I ask for the principle of this Bill on this Reading, and I shall do my best on the Committee Stage to meet the number of points that were raised here. We are convinced that the Bill is necessary. We are convinced that it is necessary, not merely because some people issued proclamations, but because, behind those proclamations lie a line of policy and a certain direction of activities which, we are told, are now going to be revived. We are told that certain organisations are being revived, that drilling is going to be revived, and that this armed body is going to be reorganised and revived. Either it is to be a question of allowing these people to go on with all this or dealing with the situation, or it means that the Government will be able to carry on, however little, depending only on the sufferance of these people, and depending on their whims from time to time as to whether they will allow the Government to carry on or not. But if the Government is going to remain and act as a responsible Government, the time has come to act in this matter.

Mr. Morrissey

Before you put the question, Sir, I want to raise a point of order. We had some discussion on the other Bill regarding the repeal section in connection with the Treasonable Offences Act and the Public Safety (Emergency Powers) Act. I want to submit that, at the moment anyway, Section 30 of the Offences Against the State Bill is, so to speak, outside the scope of this Bill, in so far as there does not appear to be any provision made for it in the Title. Is it the Minister's intention to provide for that?
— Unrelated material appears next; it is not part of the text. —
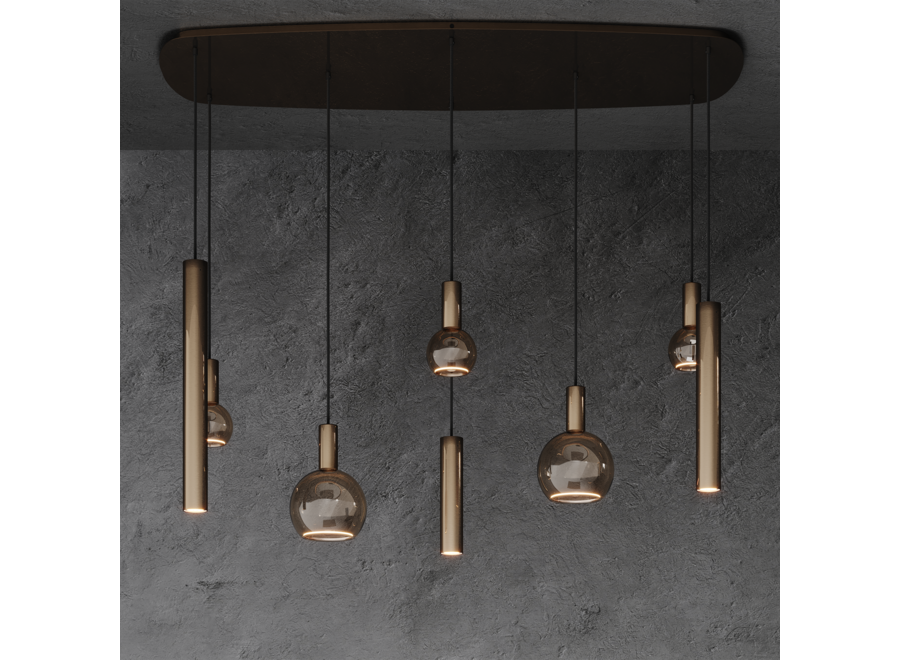 Hanging lamp 'Riva' Danish Oval 145cm - Platinum - 8 lights Segula light package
That will be dealt with in the Committee Stage. I think it was put in there because it was thought that would be the appropriate place.
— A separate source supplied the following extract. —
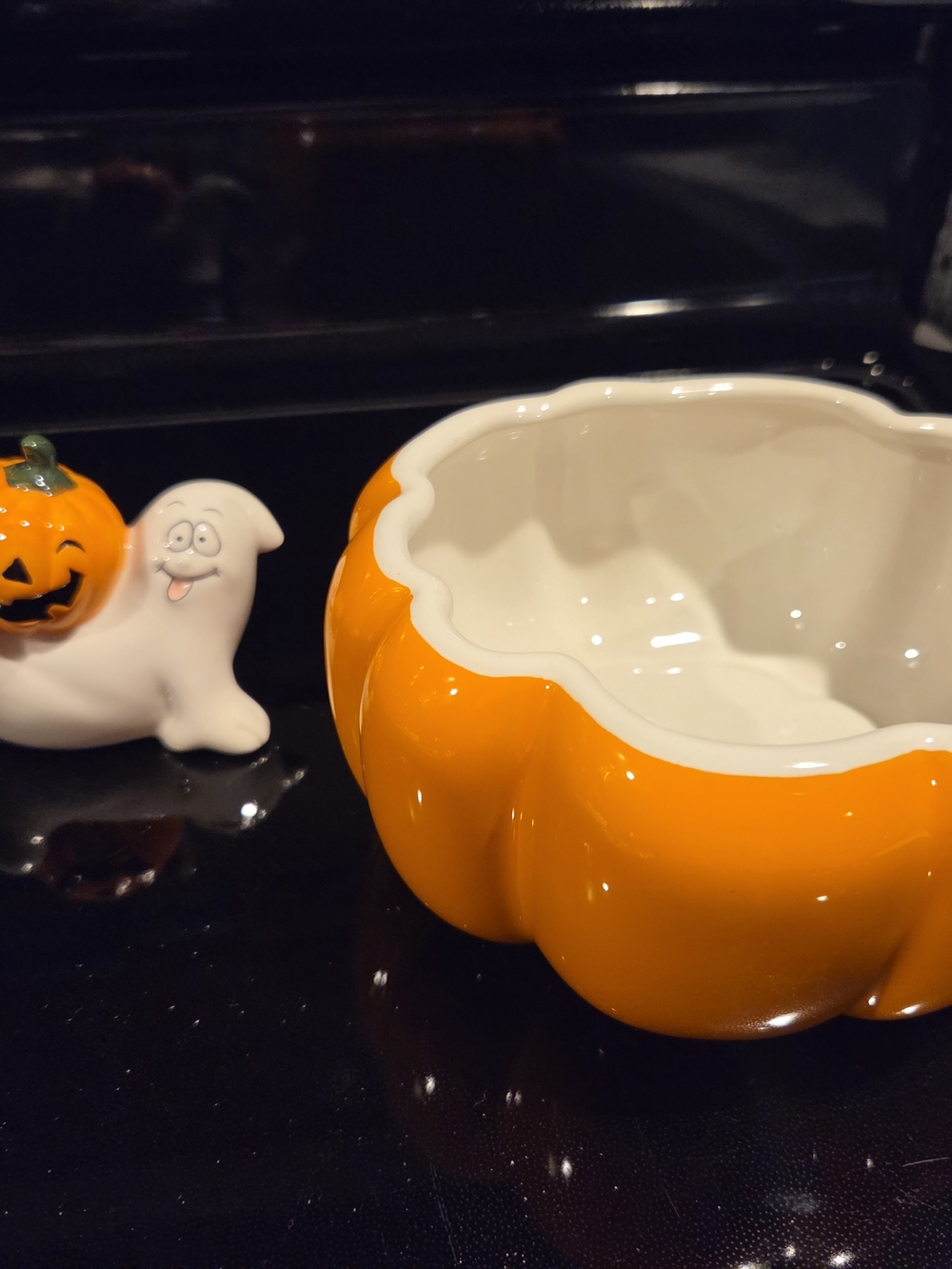 Bootique Orange and White Ceramic Pumpkin Candy Bowl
The Chair can assure the Deputy that note has been taken of the point raised.

Mr. Morrissey

My point is that, no matter where it is put, it is not in order in any part of the Bill.

That happened because it was transferred out of the other Bill into this.

Question put.
The Dáil divided: Tá, 78; Níl, 12.

  • Aiken, Frank.
  • Allen, Denis.
  • Bartley, Gerald.
  • Beegan, Patrick.
  • Benson, Ernest E.
  • Boland, Gerald.
  • Bourke, Dan.
  • Brady, Brian.
  • Brady, Seán.
  • Breathnach, Cormac.
  • Breen, Daniel.
  • Brennan, Michael.
  • Breslin, Cormac.
  • Broderick, William J.
  • Byrne, Alfred (Junior).
  • Carty, Frank.
  • Childers, Erskine H.
  • Cleary, Mícheál.
  • Cooney, Eamonn.
  • Cosgrave, William T.
  • Crowley, Fred Hugh.
  • Crowley, Tadhg.
  • Derrig, Thomas.
  • Dillon, James M.
  • Doyle, Peadar S.
  • Flinn, Hugo V.
  • Flynn, John.
  • Flynn, Stephen.
  • Fogarty, Andrew.
  • Fogarty, Patrick J.
  • Friel, John.
  • Fuller, Stephen.
  • Gorey, Denis J.
  • Gorry, Patrick J.
  • Harris, Thomas.
  • Hogan, Daniel.
  • Smith, Patrick.
  • Traynor, Oscar.
  • Tubridy, Seán.
  • Hughes, James.
  • Humphreys, Francis.
  • Kelly, James P.
  • Kelly, Thomas.
  • Kennedy, Michael J.
  • Killilea, Mark.
  • Lemass, Seán F.
  • Little, Patrick J.
  • Loughman, Francis.
  • Lynch, Finian.
  • McDevítt, Henry A.
  • MacEntee, Seán.
  • Maguire, Ben.
  • Meaney, Cornelius.
  • Moore, Séamus.
  • Morrissey, Daniel.
  • Morrissey, Michael.
  • Moylan, Seán.
  • Mulcahy, Richard.
  • Mullen, Thomas.
  • Munnelly, John.
  • O Briain, Donnchadh.
  • O Ceallaigh, Seán T.
  • O'Grady, Seán.
  • O'Higgins, Thomas F.
  • O'Loghlen, Peter J.
  • O'Reilly, Matthew.
  • O'Rourke, Daniel.
  • O'Sullivan, John M.
  • O'Sullivan, Ted.
  • Redmond, Bridget M.
  • Rice, Brigid M.
  • Ruttledge, Patrick J.
  • Ryan, James.
  • Ryan, Robert.
  • Sheridan, Michael.
  • Victory, James.
  • Walsh, Laurence J.
  • Ward, Conn.

Níl

  • Burke, Thomas.
  • Cogan, Patrick.
  • Corish, Richard.
  • Davin, William.
  • Everett, James.
  • Hannigan, Joseph.
  • Hickey, James.
  • Hurley, Jeremiah.
  • Keyes, Michael.
  • Murphy, Timothy J.
  • Norton, William.
  • Pattison, James P.
Tellers: Tá, Deputies Little and Smith; Níl, Deputies Everett and Keyes.
Question declared carried.
Committee Stage to be taken on Tuesday, 21st March.